References in the specification to “one implementation,” “an implementation,” “an example implementation,” etc., indicate that the implementation described may include a particular feature, structure, or characteristic, but every implementation may not necessarily include the particular feature, structure, or characteristic. Moreover, such phrases are not necessarily referring to the same implementation. Further, when a particular feature, structure, and/or characteristic is described in connection with an implementation, one skilled in the art would know to affect such feature, structure, and/or characteristic in connection with other implementations whether or not explicitly described.
For example, the figure(s) illustrating flow diagrams sometimes refer to the figure(s) illustrating block diagrams, and vice versa. Whether or not explicitly described, the alternative implementations discussed with reference to the figure(s) illustrating block diagrams also apply to the implementations discussed with reference to the figure(s) illustrating flow diagrams, and vice versa.

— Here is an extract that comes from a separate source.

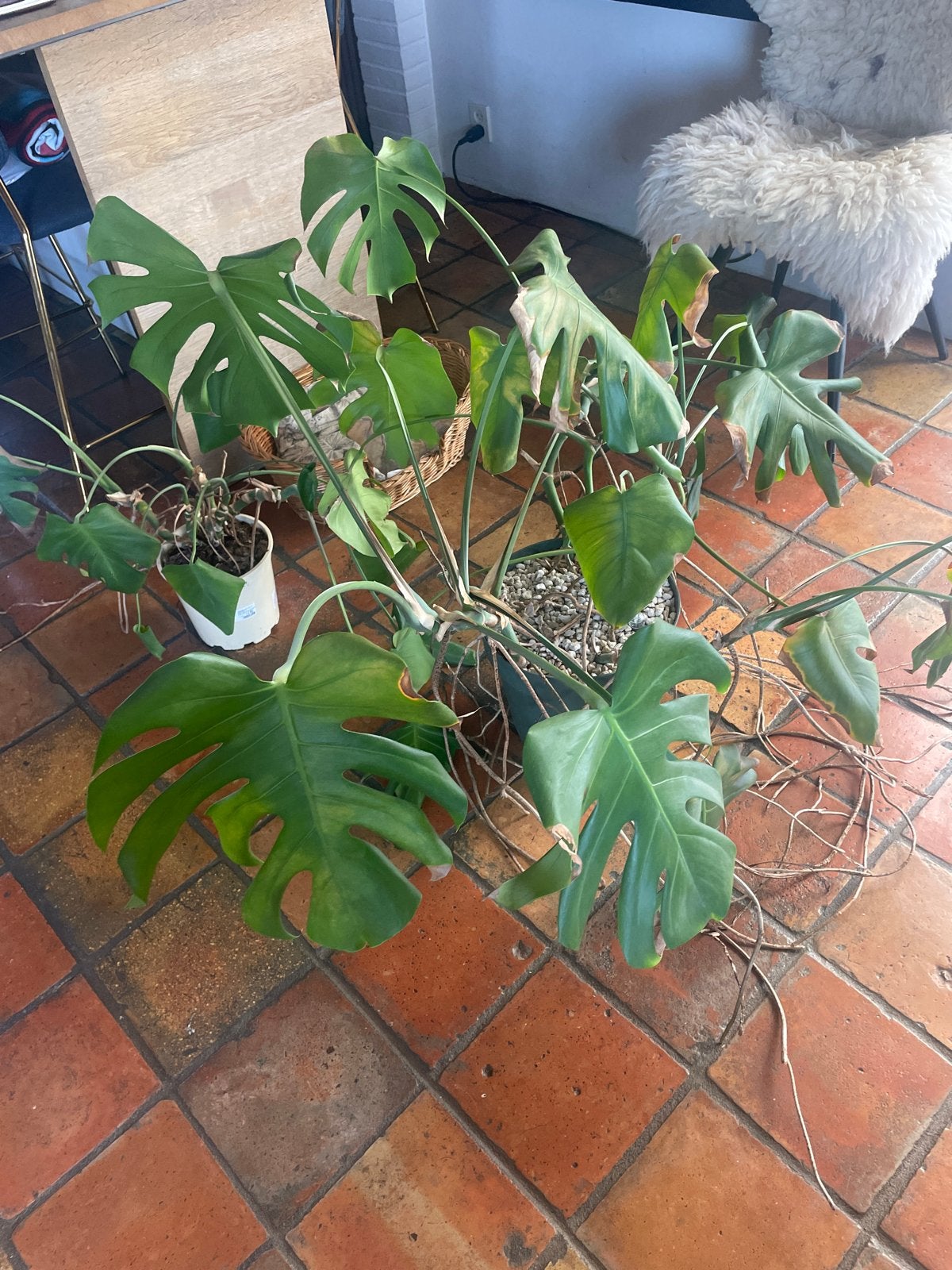 Grote Monstera Deliciosa - Hydrocultuur, Huis en Inrichting, Kamerplanten, Ophalen, 100 tot 150 cm, Overige soorten, Halfschaduw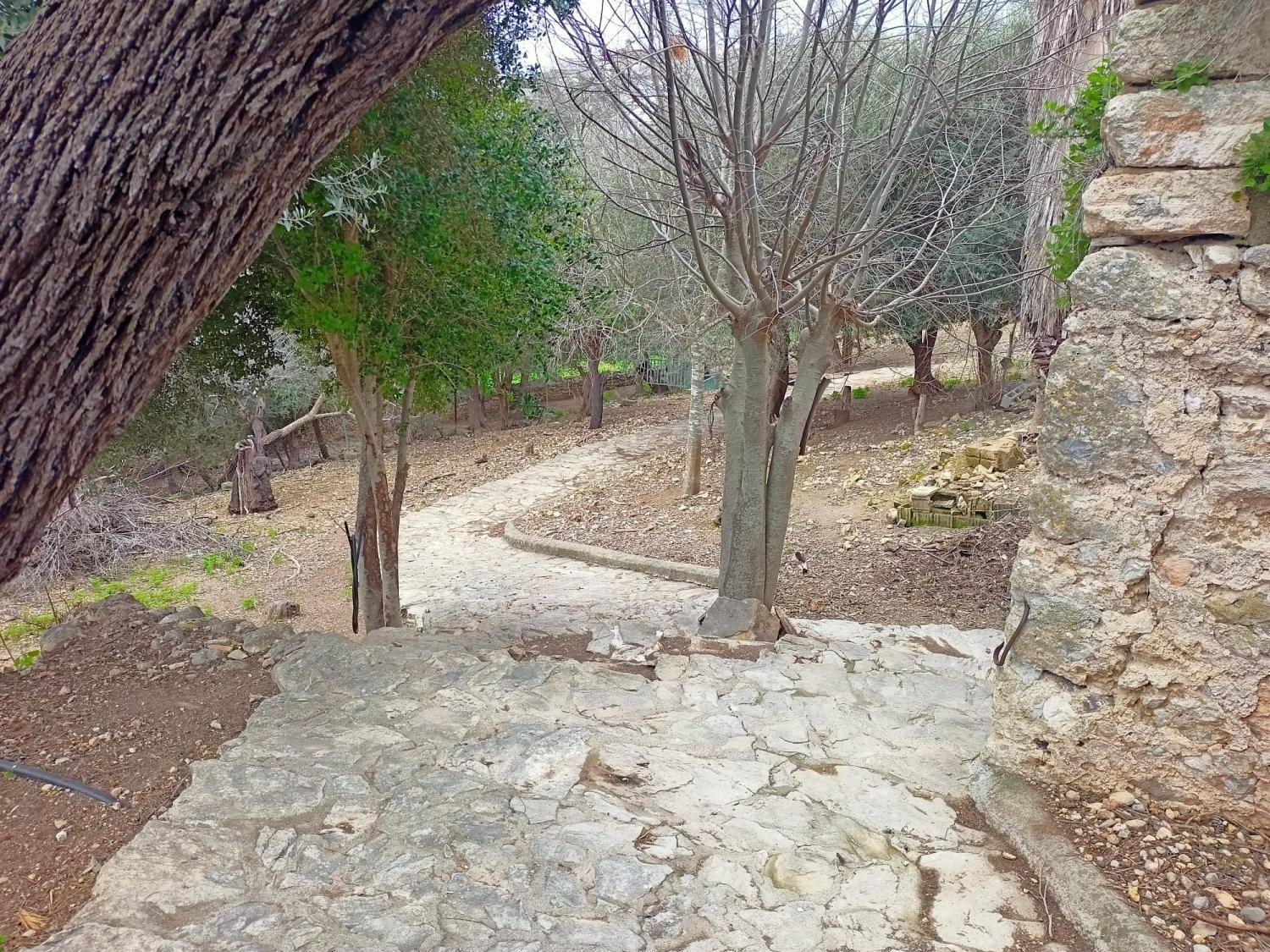  en venta casa Campanet Raiguer 38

At the same time, the scope of this description includes implementations, other than those discussed with reference to the block diagrams, for performing the flow diagrams, and vice versa.
Bracketed text and blocks with dashed borders (e.g., large dashes, small dashes, dot-dash, and dots) may be used herein to illustrate optional operations and/or structures that add additional features to some implementations. However, such notation should not be taken to mean that these are the only options or optional operations, and/or that blocks with solid borders are not optional in certain implementations.
The detailed description and claims may use the term “coupled,” along with its derivatives. “Coupled” is used to indicate that two or more elements, which may or may not be in direct physical or electrical contact with each other, co-operate or interact with each other.
While the flow diagrams in the figures show a particular order of operations performed by certain implementations, such order is exemplary and not limiting (e.g., alternative implementations may perform the operations in a different order, combine certain operations, perform certain operations in parallel, overlap performance of certain operations such that they are partially in parallel, etc.).
While the above description includes several example implementations, the invention is not limited to the implementations described and can be practiced with modification and alteration within the spirit and scope of the appended claims. The description is thus illustrative instead of limiting.